■ What is expected:
Copy the data precisely, character for character, and leave out every picture.

■ Data:
↓↓↓

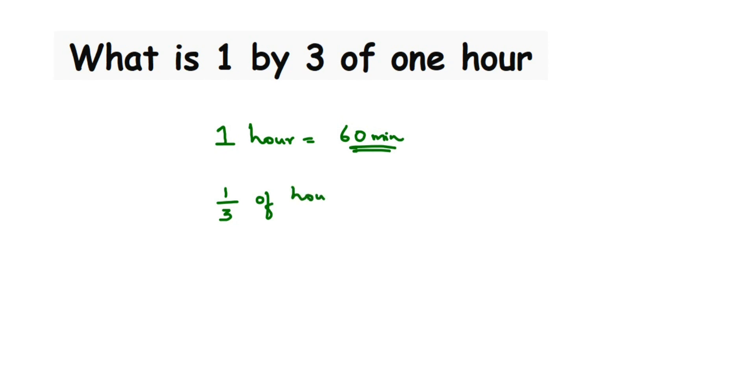Now we know that one hour is equal to 60 minutes, right? So this will be equal to one by three. Whenever you have 'of', it means multiplication. So we're going to multiply one by three with 60 minutes.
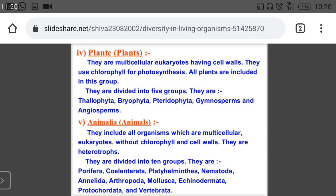Coelenterata includes animals whose mouth is circular. Platyhelminthes are worm-like animals.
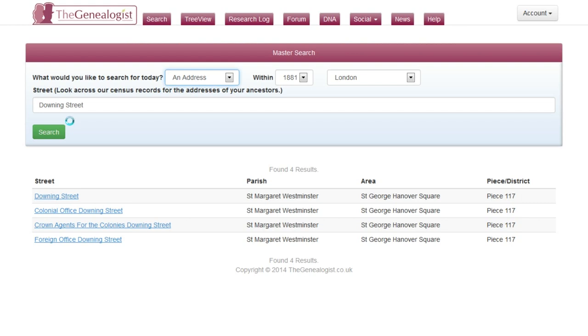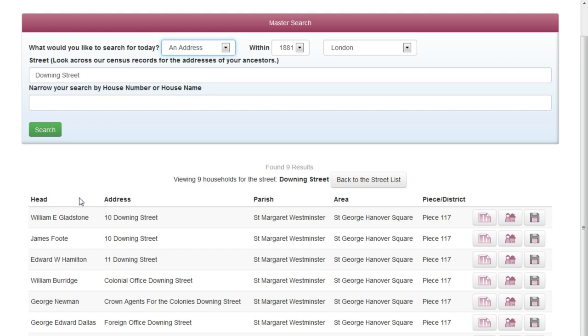On the resulting page, use the parish and area to help you narrow down on the street you're interested in. The list of results then show you all the households on that particular street.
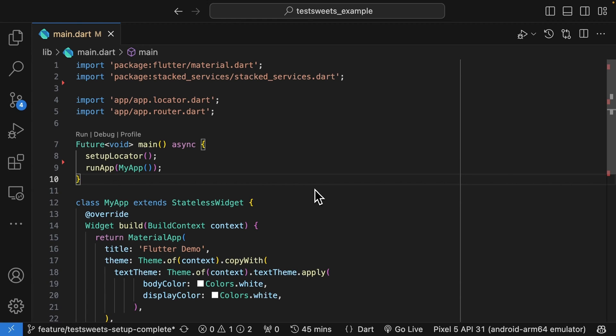Hello everyone and welcome to the first official tutorial for Test Suites. Test Suites is a no-code test automation tool that turns any tester in your team into an automation engineer. Today I want to show you how to set up Test Suites for your project.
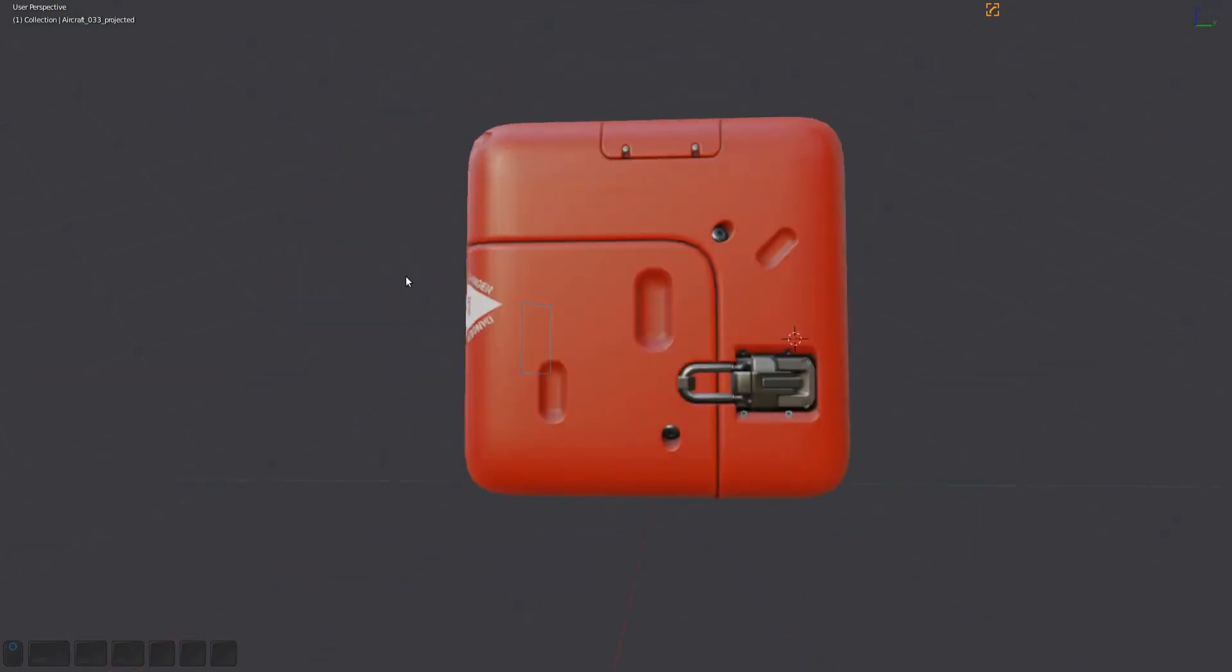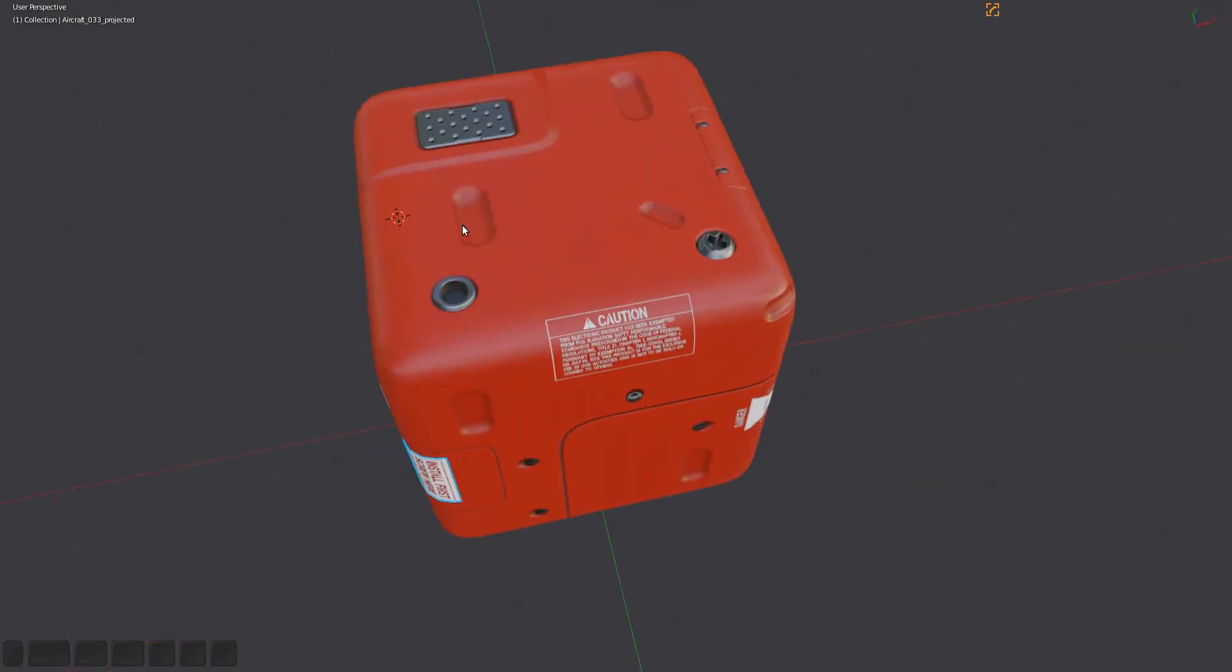I've shown the Get Backup tool before in the Project and Slice videos, but to reiterate, it retrieves the original decals before a projection or the original cutter used for a panel decal.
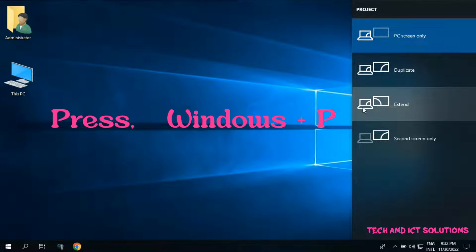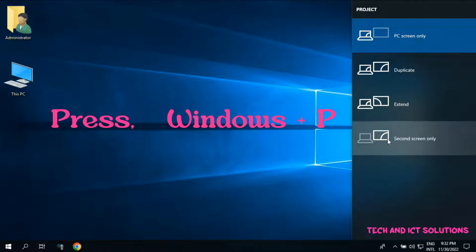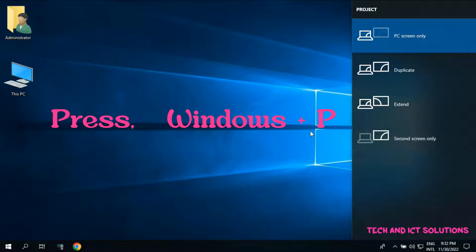Extend option is popular for presentations. Second screen only means you can see the connected projector only - your monitor is showing nothing.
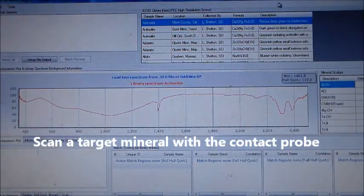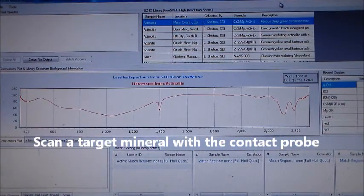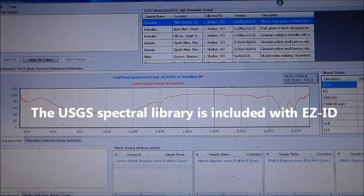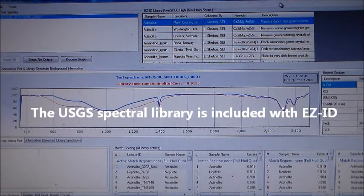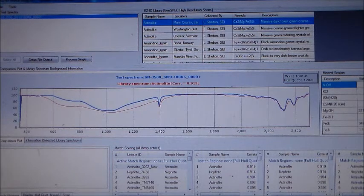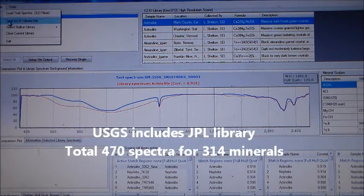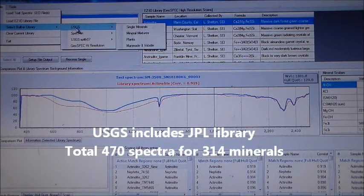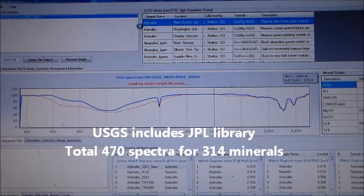Scan a target sample with the contact probe. EZID includes the USGS library for pattern matching against known samples. The USGS library includes the JPL library for a total of 470 spectra for 314 minerals.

↑↑↑

■ Task output:
Now we know that one hour is equal to 60 minutes, right? So this will be equal to one by three. Whenever you have 'of', it means multiplication. So we're going to multiply one by three with 60 minutes.
Coelenterata includes animals whose mouth is circular. Platyhelminthes are worm-like animals.
On the resulting page, use the parish and area to help you narrow down on the street you're interested in. The list of results then show you all the households on that particular street.
Hello everyone and welcome to the first official tutorial for Test Suites. Test Suites is a no-code test automation tool that turns any tester in your team into an automation engineer. Today I want to show you how to set up Test Suites for your project.
I've shown the Get Backup tool before in the Project and Slice videos, but to reiterate, it retrieves the original decals before a projection or the original cutter used for a panel decal.
Extend option is popular for presentations. Second screen only means you can see the connected projector only - your monitor is showing nothing.
Scan a target sample with the contact probe. EZID includes the USGS library for pattern matching against known samples. The USGS library includes the JPL library for a total of 470 spectra for 314 minerals.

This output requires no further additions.